Using Progressive Disclosure to win pitches.

Winning new business is a little bit trickier right now. Well, a lot trickier. Fewer opportunities to pitch on, which are harder to find. But they’re there.

So when you find yourself with a good opportunity, you need to make it count. To win, you need to capture the hearts and minds of your potential clients, which isn’t a straightforward journey.

The competitive landscape is fierce, and clients have high expectations. So to stand out and secure a deal, you must not only meet the client’s needs but exceed them. Simple right?

Everyone talks about ‘breaking the brief’. But what does that really mean?

One strategy to win is progressive disclosure. A technique that can make your sales pitch memorable and differentiate you from the competition.

Progressive Disclosure: Unveiling the power of surprise

This strategy involves revealing valuable information outside the initial brief and pitch process at various stages of the process, creating moments of surprise and delight that build deeper connections and set you apart from the competition.

It involves strategically revealing new and valuable information during your pitch. Unlike a conventional sales pitch, where you might lay out all the details at once or, more likely, disclose the information you’re being asked to when you’re being asked to do it.

Progressive disclosure involves a series of calculated reveals that offer unexpected value.

These incremental surprises are designed to engage, inform, and delight the client. When executed effectively, progressive disclosure not only distinguishes you from the competition but also strengthens your relationship with the potential client — because you’re showing you actually give a s**t about their business by investing more in your side of the pitch.

Why progressive disclosure wins pitches

In the world of B2B sales, trust is key. But so is giving a s**t about your clients business.

Rightly so, clients are often wary of the sales process. You don’t get much time to get to know each other unless you’ve been smart and followed the don’t sell philosophy ahead of the process itself. But progressive disclosure can help.

When done right, this approach can build trust by demonstrating your commitment to the client’s success and understanding of their unique needs. Here’s why it matters:

1. Deepens Engagement

Instead of overwhelming clients with a boat load of information, progressive disclosure allows you to engage them step by step.

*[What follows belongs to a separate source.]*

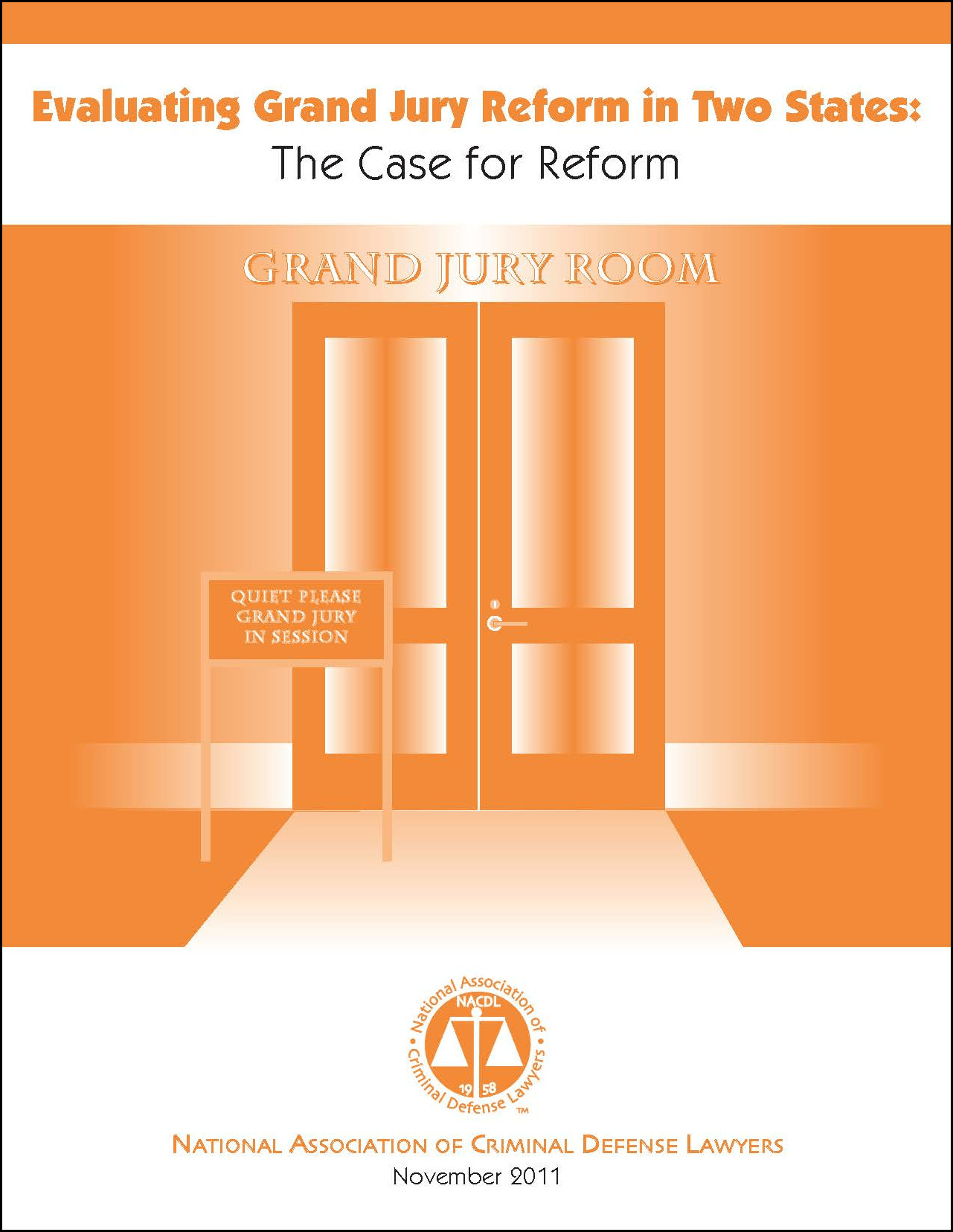 Evaluating Grand Jury Reform in Two States: The Case for Reform Cover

By revealing details as the process progresses, you maintain their interest and ensure they are fully absorbed in your pitch and leaving them thinking what might they give us next?

2. Enhances Understanding

One of the most significant advantages of progressive disclosure is the chance to tailor your pitch to the client’s specific needs. You can adapt your message based on their reactions, ensuring that you address their concerns effectively.

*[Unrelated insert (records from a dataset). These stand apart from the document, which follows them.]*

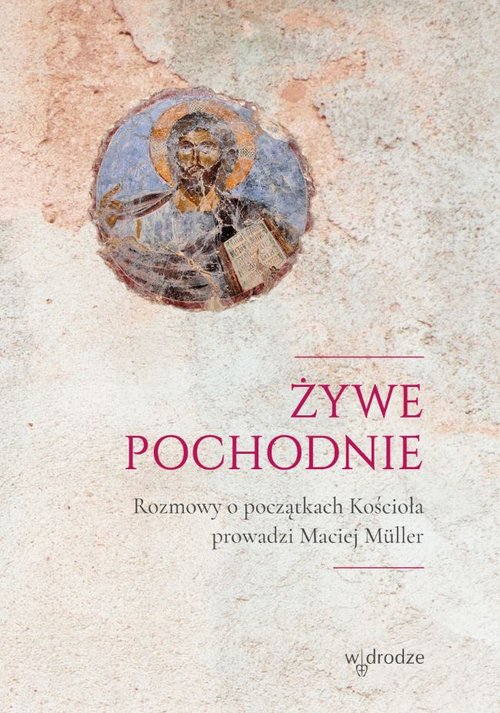 Image of Żywe pochodnie Rozmowy o narodzinach Kościoła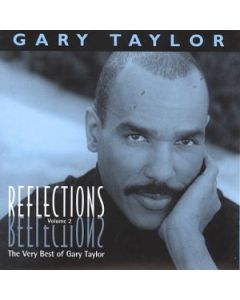 GARY TAYLOR-REFLECTION VOL. 2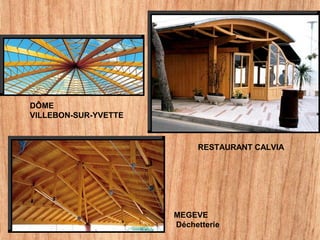 DÔME
VILLEBON-SUR-YVETTE
MEGEVE
Déchetterie
RESTAURANT CALVIA
 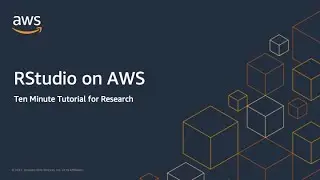Ten Minute Tutorial for Research: RStudio on AWS | AWS Public Sector
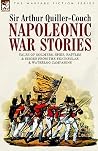 Napoleonic War Stories - Tales of Soldiers, Spies, Battles & Sieges from the Peninsular & Waterloo Campaigns Napoleonic War Stories - Tales of Soldiers, Spies, Battles & Sieges from the Peninsular & Waterloo Campaigns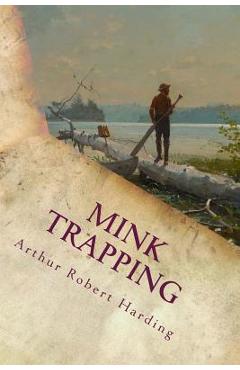 Coperta cărții 'Mink Trapping - Arthur Robert Harding'
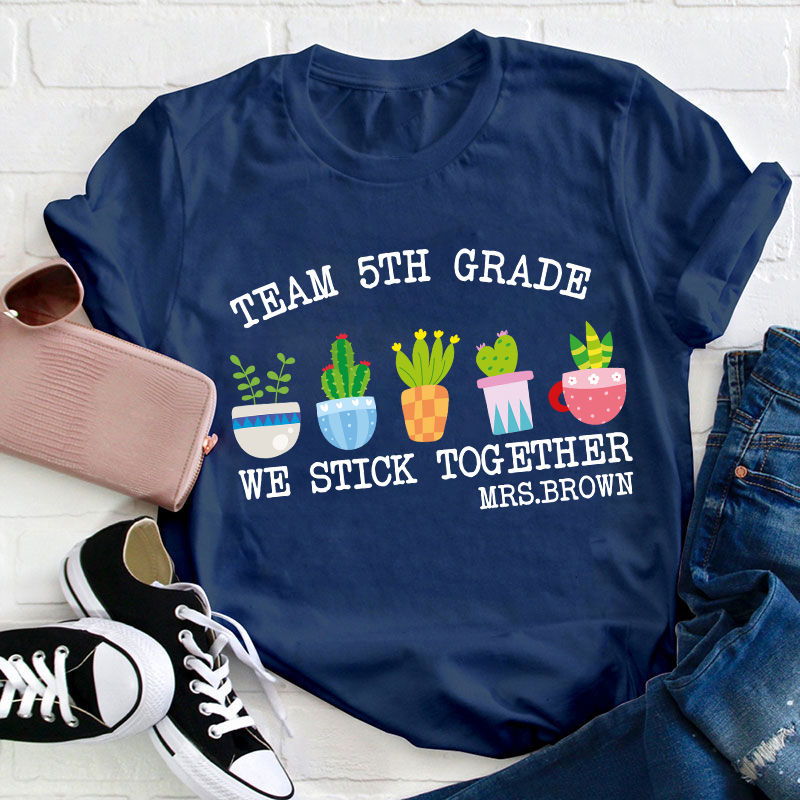 Personalized Name Team 5th Grade We Stick Together Teacher T-Shirt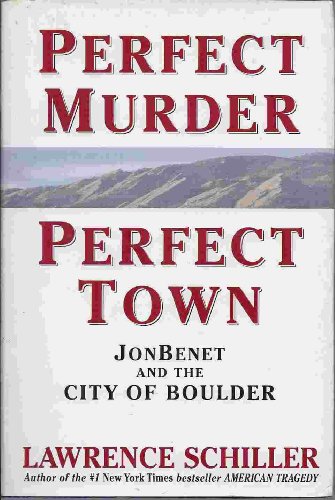 Perfect Murder, Perfect Town: JonBenet and the City of Boulder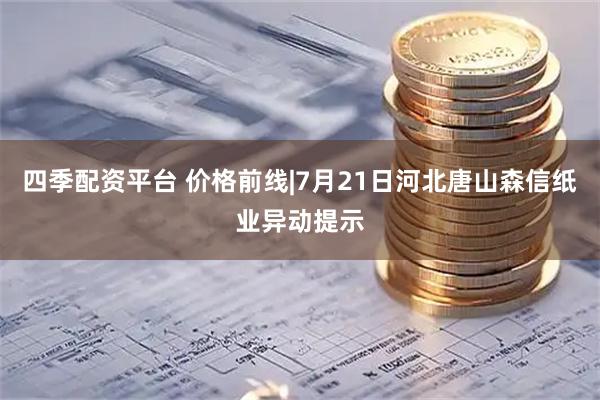 四季配资平台 价格前线|7月21日河北唐山森信纸业异动提示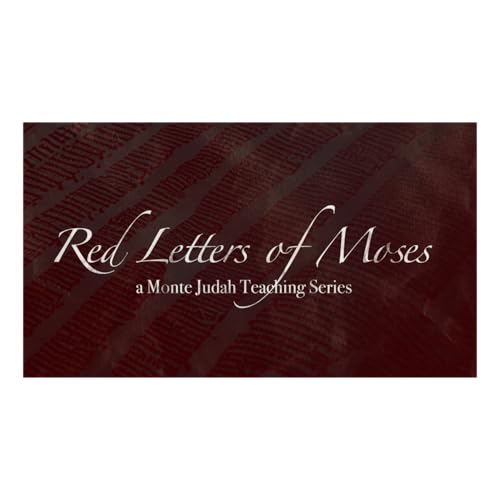 『Red Letters of Moses | Episode 2 | The Prophet vs. The Messiah Deuteronomy 18 Unveiled | Monte Judah』のカバーアート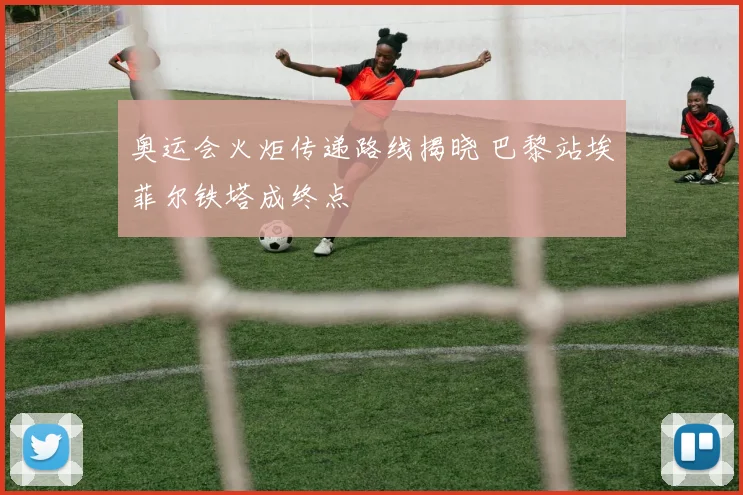 奥运会火炬传递路线揭晓 巴黎站埃菲尔铁塔成终点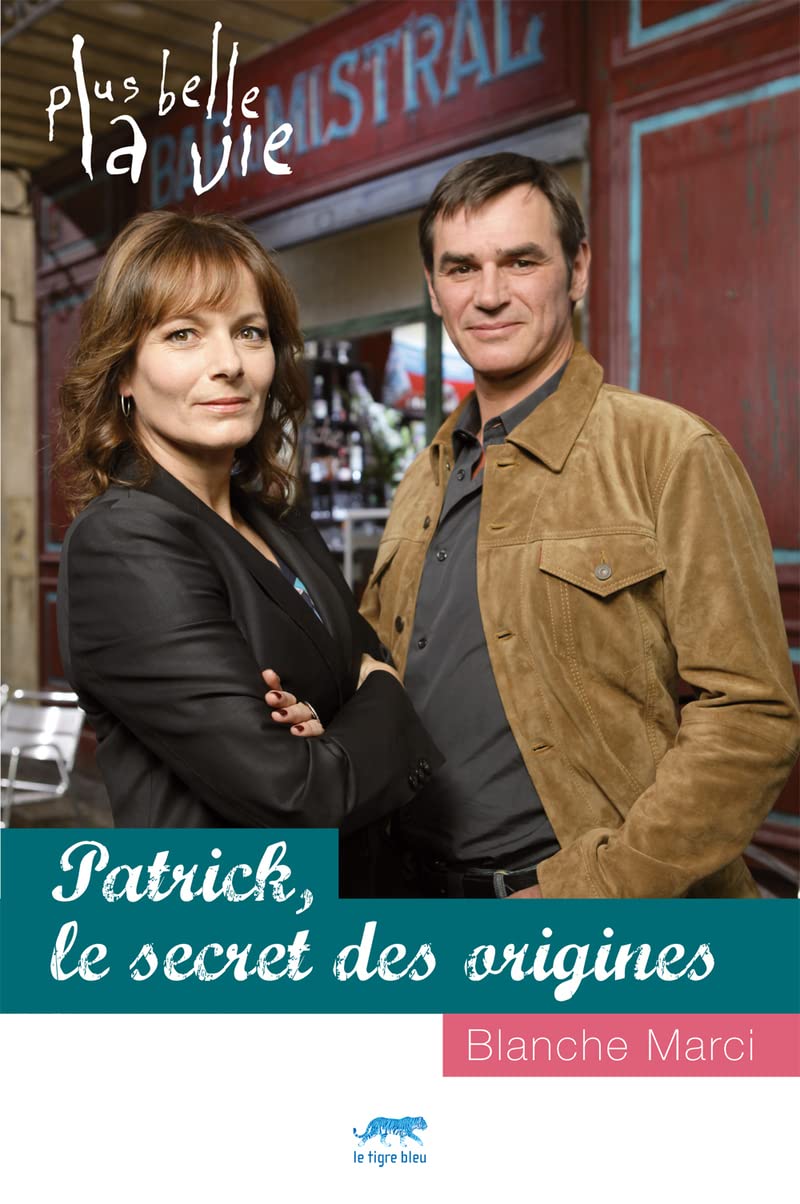 Plus Belle La Vie - Patrick, Le Secret Des Origines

3. Creates a Memorable Experience

People tend to remember experiences that evoke emotion. Progressive disclosure can create moments of surprise and delight, making your pitch memorable and positively impacting your client’s perception of your brand.

4. Builds trust

By gradually providing valuable information that goes beyond the initial brief, you demonstrate your commitment to the client’s success, which in turn builds trust. Clients appreciate the effort you put into understanding their needs.

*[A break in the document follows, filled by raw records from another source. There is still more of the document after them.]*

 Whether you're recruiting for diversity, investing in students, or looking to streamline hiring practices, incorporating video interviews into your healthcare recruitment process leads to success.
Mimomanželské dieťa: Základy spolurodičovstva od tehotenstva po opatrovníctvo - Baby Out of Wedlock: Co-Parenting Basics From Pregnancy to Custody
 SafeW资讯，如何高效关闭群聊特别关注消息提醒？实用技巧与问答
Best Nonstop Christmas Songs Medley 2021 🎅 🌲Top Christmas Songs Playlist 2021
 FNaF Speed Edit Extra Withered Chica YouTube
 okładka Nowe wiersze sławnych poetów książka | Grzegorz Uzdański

The Progressive Disclosure framework

Now that you understand the importance of progressive disclosure, let’s delve into the framework to help you master this technique:

1. Define the deliverables and do more

First thing’s first. What exactly do you need to do to win the pitch? Define what would win you the pitch, then add extra to ram it home. Sometimes it’s as simple as working backwards from your desired goal, figuring out the steps required, and then just getting it done.

2. Break the process

One of the most common downfalls we see is the lack of relationship building in sales, and the same goes for pitches. If you can find ways to interact with the client above and beyond the opportunities you’d normally get, you’re on to a winner.

3. Show you know their business

Do you actually care about winning this business? And why do you want to work for this client in the first place? Show you care, in whatever way makes sense to you (within reason!). A client that knows you give a s**t about their business is a client that’s more likely to spend money with you.

4. Creativity and strategy

Get creative. Get fruity. Get outside your comfort zone. Share those bigger ideas that go beyond the brief and make it real for them. Come to mention it, push the client out of their comfort zone, too. Everyone loves a bit of fun, and if you can’t have fun in our industry then when can you at work?

5. Live the brand

Whether it’s a sustainable, B Corp yoghurt brand or a zany confectionary company, live and breathe their brand. Become a customer, use their product and experience the service they offer. It goes back to the point about caring about their business — if you’re not clued up, then what’s the point?

6. Show how you work

A crucial one — the client wants to know how you work. Sprinkle in additional extras to your pitch to demonstrate how you work, whatever they may be. Wow the client with skills they didn’t know you had.

Successful examples of progressive disclosure

One example of this is when we pitched for the mobile transformation for Flybe.

To break the process we progressively disclosed a variety of value add activities. In the early stages of the pitch we delivered a variety of conceptual thinking. At the tissue pitch we presented back research we’d undertaken.

But this wasn’t just desk research — we’d sent one of our team members on back to back consecutive flights across the UK who interviewed passengers and staff on the flights and at the airports, capturing unique insights and evidence of our activity.

We rounded the final pitch off with a full working coded prototype. Suffice to say we won.

The second example was for Costa Express and their pitch to redesign and develop the application that sits on their coffee machines you see pretty much everywhere.

This was a pitch through an intermediary, so immediately harder to break the process with.

However, we adopted the progressive disclosure approach and found ways to weave in conceptual thinking, design thinking, creative concepts, customer profiles and use cases during and inbetween the process. Including leveraging the tissue pitch to elbow in as much value as we could.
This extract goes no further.